Although the Quranic teachings and traditions are crystal clear, the burning news overwhelming us all, reflects our deep ignorance on the issue of her economic status both in theory and practice throughout history. Long consigned to oblivion, it is high time to bring this issue up to date in order to appreciate this “forgotten half’s” true worth.

Islam, the liberator of women

Before the advent of the Holy Prophetsa, women in all countries, including pre-Islamic Arabia, were bound to enslavement and servitude.

There is some legitimacy to say that from time immemorial, there were women, who on account of their charm or outstanding qualities, attained positions of ascendency over men. But this was not true freedom as this was not theirs by right. Such exceptional cases can hardly be perceived as the means for fulfilling true aspiration.

Real liberty is that which emerges from civilisation and conforms to and is defined by statutes and laws, whereas the one which is attained by breaking the bounds is not conducive to human betterment.

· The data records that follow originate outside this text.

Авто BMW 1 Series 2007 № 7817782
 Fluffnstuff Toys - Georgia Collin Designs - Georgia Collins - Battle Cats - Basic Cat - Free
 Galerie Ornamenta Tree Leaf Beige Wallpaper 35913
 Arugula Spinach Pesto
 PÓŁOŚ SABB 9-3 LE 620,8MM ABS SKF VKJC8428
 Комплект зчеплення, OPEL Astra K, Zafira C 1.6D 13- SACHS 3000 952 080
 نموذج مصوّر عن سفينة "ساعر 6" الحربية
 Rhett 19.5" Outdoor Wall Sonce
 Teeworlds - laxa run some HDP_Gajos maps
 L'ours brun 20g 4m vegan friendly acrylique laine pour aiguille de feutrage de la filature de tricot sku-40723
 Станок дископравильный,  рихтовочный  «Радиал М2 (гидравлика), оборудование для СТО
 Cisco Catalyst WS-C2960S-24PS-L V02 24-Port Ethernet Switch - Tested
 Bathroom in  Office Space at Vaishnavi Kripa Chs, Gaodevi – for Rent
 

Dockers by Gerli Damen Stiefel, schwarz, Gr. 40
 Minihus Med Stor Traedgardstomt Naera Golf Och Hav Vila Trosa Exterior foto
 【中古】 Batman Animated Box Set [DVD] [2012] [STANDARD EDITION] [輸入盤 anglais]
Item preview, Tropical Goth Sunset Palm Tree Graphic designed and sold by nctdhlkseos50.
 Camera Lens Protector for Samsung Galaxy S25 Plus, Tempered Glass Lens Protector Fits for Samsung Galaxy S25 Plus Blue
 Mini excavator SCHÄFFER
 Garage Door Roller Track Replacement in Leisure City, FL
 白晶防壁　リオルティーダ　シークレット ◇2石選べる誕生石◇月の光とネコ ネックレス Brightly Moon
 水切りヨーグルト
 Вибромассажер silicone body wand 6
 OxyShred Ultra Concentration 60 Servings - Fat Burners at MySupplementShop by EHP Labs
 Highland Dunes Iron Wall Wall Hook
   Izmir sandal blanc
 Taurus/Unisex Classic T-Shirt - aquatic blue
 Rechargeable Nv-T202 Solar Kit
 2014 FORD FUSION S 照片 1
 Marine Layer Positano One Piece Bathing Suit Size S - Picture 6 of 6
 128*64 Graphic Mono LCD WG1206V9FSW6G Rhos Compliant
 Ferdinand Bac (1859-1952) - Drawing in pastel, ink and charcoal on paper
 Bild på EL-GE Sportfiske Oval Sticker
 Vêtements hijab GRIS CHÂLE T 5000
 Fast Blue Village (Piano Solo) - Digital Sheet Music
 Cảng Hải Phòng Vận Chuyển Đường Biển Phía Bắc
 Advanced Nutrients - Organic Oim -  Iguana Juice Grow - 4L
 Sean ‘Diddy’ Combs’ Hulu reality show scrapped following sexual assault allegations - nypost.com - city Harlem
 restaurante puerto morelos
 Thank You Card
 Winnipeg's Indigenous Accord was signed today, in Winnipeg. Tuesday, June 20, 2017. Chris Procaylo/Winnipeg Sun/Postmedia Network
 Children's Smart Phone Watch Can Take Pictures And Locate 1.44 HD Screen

In ancient Athens, a woman owned any property that she had inherited, but other males (e.g. her father, brother, uncle, husband, son or even son-in-law) were authorised to administer her property on her behalf and to represent her in legal proceedings, ostensibly to safeguard her interest. Similarly, in Roman law, a woman could inherit but only from her agnatic relatives. A woman remained under the guardianship of her father’s or male relatives after marriage, alternatively choosing to be transferred to her husband’s guardianship. A woman could not perform any transaction without the involvement of a tutor and her freedom consisted in her ability to approach the senators to appoint a tutor or to request a different one.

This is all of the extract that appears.